▶ **What to work on**
Everything from the line containing "Women Size XS/S" through the end of the entries should be output exactly; nothing before it is wanted.

▶ **Input data**
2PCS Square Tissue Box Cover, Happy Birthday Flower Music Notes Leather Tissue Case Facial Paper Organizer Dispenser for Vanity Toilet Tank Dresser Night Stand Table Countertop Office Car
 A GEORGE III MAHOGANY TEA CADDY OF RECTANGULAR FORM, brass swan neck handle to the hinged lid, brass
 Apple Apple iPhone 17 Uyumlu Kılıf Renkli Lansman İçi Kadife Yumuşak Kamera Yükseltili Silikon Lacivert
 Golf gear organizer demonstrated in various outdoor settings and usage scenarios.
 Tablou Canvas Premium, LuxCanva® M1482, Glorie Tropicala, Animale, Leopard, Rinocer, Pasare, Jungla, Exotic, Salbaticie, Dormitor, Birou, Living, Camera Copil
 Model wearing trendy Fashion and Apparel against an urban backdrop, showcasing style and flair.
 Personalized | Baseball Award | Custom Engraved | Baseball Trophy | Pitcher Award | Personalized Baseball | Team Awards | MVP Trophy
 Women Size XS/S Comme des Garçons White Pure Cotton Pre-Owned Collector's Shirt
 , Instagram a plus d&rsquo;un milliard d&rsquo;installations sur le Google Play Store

▶ **Exercise result**
 Women Size XS/S Comme des Garçons White Pure Cotton Pre-Owned Collector's Shirt
 , Instagram a plus d&rsquo;un milliard d&rsquo;installations sur le Google Play Store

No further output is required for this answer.